Poets’ Corner: Rosemerry for Valentine’s Day

Poets’ Corner: Rosemerry for Valentine’s Day

On Valentine’s Day, it all seems so straightforward, so simple: he gives you a little box or a big bouquet, chocolates too maybe; you give him, what?, basketball tickets. Long glance looks over a romantic dinner. But through her words, her pearls, regular contributor (thank heaven), Word Woman Rosemerry Trommer, understands love is not simple. It is a many nuanced thing. 

Below, five ways of looking at that fragile reality. 

And one for those who like just a little steam in their coffee…

(And please note, Rosemerry is one of two featured poets – the other is Art Goodtimes – at the February Talking Gourds gathering, in Telluride on February 21 at Telluride Arts’ HQ.)

Former Western Slope Poet Laureate, Wordwoman Rosemerry Wahtola Trommer leads new series about looking at ourselves through the eyes of our country’s Laureates.

Former Western Slope Poet Laureate, Wordwoman Rosemerry Wahtola Trommer leads new series about looking at ourselves through the eyes of our country’s Laureates.

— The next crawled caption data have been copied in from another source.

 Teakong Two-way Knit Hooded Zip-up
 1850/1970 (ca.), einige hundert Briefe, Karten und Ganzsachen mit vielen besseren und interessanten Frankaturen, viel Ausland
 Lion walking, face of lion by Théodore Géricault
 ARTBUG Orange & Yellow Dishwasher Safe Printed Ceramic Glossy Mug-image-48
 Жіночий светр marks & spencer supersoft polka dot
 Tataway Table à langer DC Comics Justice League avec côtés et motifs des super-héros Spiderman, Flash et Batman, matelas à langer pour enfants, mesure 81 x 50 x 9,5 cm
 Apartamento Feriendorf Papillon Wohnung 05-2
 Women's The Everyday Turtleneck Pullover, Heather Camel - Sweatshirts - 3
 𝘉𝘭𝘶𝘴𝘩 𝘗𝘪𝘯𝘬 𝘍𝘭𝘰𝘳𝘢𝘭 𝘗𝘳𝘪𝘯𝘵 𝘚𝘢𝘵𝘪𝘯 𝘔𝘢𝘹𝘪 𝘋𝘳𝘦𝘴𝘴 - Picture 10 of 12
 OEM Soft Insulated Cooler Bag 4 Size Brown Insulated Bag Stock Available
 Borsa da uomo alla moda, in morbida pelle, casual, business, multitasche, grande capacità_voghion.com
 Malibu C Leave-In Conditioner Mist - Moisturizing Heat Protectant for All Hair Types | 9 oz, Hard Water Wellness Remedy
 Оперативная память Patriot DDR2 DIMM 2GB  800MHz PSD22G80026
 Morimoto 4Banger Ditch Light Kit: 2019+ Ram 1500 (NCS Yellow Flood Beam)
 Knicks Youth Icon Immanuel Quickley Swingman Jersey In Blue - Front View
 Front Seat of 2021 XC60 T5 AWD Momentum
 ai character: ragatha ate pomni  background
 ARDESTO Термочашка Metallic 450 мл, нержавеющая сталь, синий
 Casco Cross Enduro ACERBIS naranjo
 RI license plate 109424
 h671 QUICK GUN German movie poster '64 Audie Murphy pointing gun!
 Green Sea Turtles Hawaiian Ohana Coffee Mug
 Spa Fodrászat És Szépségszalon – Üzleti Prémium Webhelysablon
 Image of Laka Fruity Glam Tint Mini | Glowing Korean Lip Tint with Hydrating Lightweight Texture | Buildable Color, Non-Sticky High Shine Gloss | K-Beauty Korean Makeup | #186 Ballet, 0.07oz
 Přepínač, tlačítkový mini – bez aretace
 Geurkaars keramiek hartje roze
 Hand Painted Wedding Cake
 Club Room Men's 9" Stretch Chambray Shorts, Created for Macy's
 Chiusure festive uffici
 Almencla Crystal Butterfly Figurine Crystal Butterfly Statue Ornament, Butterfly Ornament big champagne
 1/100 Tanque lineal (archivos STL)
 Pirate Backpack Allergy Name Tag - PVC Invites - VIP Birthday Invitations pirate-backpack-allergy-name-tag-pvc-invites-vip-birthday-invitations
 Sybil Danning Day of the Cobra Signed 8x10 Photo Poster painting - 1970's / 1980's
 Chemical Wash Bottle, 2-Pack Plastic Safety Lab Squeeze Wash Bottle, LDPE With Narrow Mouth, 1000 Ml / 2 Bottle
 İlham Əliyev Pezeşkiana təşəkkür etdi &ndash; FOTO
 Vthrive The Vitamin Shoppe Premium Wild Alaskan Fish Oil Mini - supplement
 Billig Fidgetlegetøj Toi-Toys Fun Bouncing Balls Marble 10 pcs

Tonight While I Was Knitting

I imagined pearling

a silk shawl of prayers

generous enough to cover

the whole cold world,

the color of the moon.

 

So as Not to Overwhelm You

trying to fit it

into a tea cup,

this ocean of love

 

Sometimes After a Drought

the way the rain

soaks the earth—

not because the earth deserves it

but because it could not help but rain—

that’s how love arrives

 

After the Horse Nearly Rolls on My Daughter

I tell her, well, if you continue to work with horses,

before long you’ll be kicked and bucked and bit, too.

She smiles solemnly, slips back into her boots.

If only the heart could wear boots, I think,

something to make it feel a little more invincible.

No, I think. It doesn’t work that way. The heart,

though rolled and kicked and bucked and bit,

must never feel invincible. It must always know

it is in terrible danger of being hurt

and return to love anyway.

 

Even now,

as you hang

over the edge

of a cliff,

one hand dangling

empty

above the sheer

chasm,

the other

holding

a thin

brittle

branch,

isn’t it

oddly

wonderful

the only

thought

that hasn’t

fled in fear

is that

this, too,

would be

a great time

for kissing.

1 Comment
  • Sally Russell
    Posted at 13:40h, 14 February

    Rosemerry scores again with these love poems. I especially like the horse analogy, having been a rider and horse carer. Thank you, Rosemerry!